Pseudomonas aeruginosa infections are more frequent in immunocompromised patients. This study elaborated on Pseudomonas aeruginosa incidence in hospitalized patient samples (wound swabs and urine) from multiple health centers in Makkah City, Saudi Arabia. The data revealed an overall low Pseudomonas aeruginosa prevalence (4.63%, n = 432) in both types of samples. The occurrence of Pseudomonas aeruginosa isolates (90%, n = 20) was significantly higher in wound swabs, whereas urine samples contained only two isolates. Thus, its clinical prevalence could vary among infection sites. For example, hospitalized pneumonia patients in the United States presented a higher Pseudomonas aeruginosa infection rate (16.2%) in a study. The same study revealed that, 5.7% of surgical site infections in the USA were associated with Pseudomonas aeruginosa from 2011-2014. Similarly, England’s data from 2000-2013 linked 3.4%-6.5% of surgical site infections to Pseudomonas spp. Pseudomonas aeruginosa is also an established source of 10% of UTI cases in the USA.11 Al-Shammari et al.18 reported that 32.4% of wound infections were caused by Pseudomonas aeruginosa in Riyadh during 2019-2021. Contrarily, they noted a considerably low occurrence (4.6%) of UTI-associated Pseudomonas aeruginosa infections. Another study investigated the incidence of Pseudomonas aeruginosa in seven hospitals in seven different Saudi Arabian administrative regions from 2022-2023. They aligned the Pseudomonas aeruginosa infections from higher to lower as respiratory infection (34.1%)>UTI (21.1%)>skin/soft tissue infections (17.8 %).20 Similarly, Momenah et al.17 reported lower Pseudomonas aeruginosa prevalence in clinical specimens from a tertiary hospital (2011-2021) in Makkah, Western Saudi Arabia. They noted a significant decline in Pseudomonas aeruginosa prevalence from 9.8% in 2011 to 5.2% in 2021. Overall Pseudomonas aeruginosa prevalence was recorded as 7.1%-7.3% among healthcare-related infections.11 Shrestha et al.32 have also reported a low Pseudomonas aeruginosa (5.1%) occurrence in clinical specimens from a teaching hospital in Kathmandu, Nepal.
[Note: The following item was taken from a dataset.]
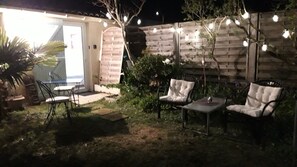 An outdoor patio with a table and two chairs, a brick wall, and string lights.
Similarly, a low Pseudomonas aeruginosa detection during this study could be associated with its opportunistic nature as only immunocompromised patients appeared as the primary target.32 Thus, the findings of this study coincide with the previous global11,32 and Saudi Arabian reports.17-20
Antibiotic overuse in medical, veterinary, and agricultural applications has globally raised the antimicrobial resistance (AMR) phenomenon.33 The prevalence of MDR, XDR, and PDR Pseudomonas aeruginosa isolates in nosocomial infections is increasingly reported worldwide.34 During this study, 13 out of 20 Pseudomonas aeruginosa isolates demonstrated MDR patterns. Five of the 20 Pseudomonas aeruginosa isolates emerged as XDR isolates. MDR Pseudomonas aeruginosa isolates have been reported in Saudi Arabia16,19,35 with a high frequency of XDR,16,19,35 PDR,19,20,35 and DTR (difficult to treat) isolates.20 The rising levels of clinical MDR, PDR, and XDR Pseudomonas aeruginosa isolates have been reported in Spain,36 Ethiopia,34 United States,12 Italy and Greece,37 North Africa, (Morocco and Egypt),15 and Middle East (Iraq, Bahrain, UAE, Qatar, Lebanon, Kuwait, and Oman).19
Hospital-acquired MDR, XDR, and PDR Pseudomonas aeruginosa infections are becoming DTR (difficult-to-treat) illnesses.2,20 It could be attributed to the intrinsic resistance of Pseudomonas aeruginosa against various antibiotic groups (cephalosporin and beta-lactam). Moreover, it could acquire resistance mechanisms against other antimicrobial agent classes including aminoglycoside, beta-lactam, and fluoroquinolones combinations through mutations, biofilms, adaptive resistance, and horizontal transfer of genes.10 This pathogen can survive in diverse environments by involving quorum sensing, enzyme promiscuity, and biofilm formation. The genomic plasticity of Pseudomonas aeruginosa facilitates its survivability and growth in hostile environments including the effects of antibiotics.2 The high MARI value during this study suggests that most Pseudomonas aeruginosa isolates originated from the areas of extensive antibiotic administrations.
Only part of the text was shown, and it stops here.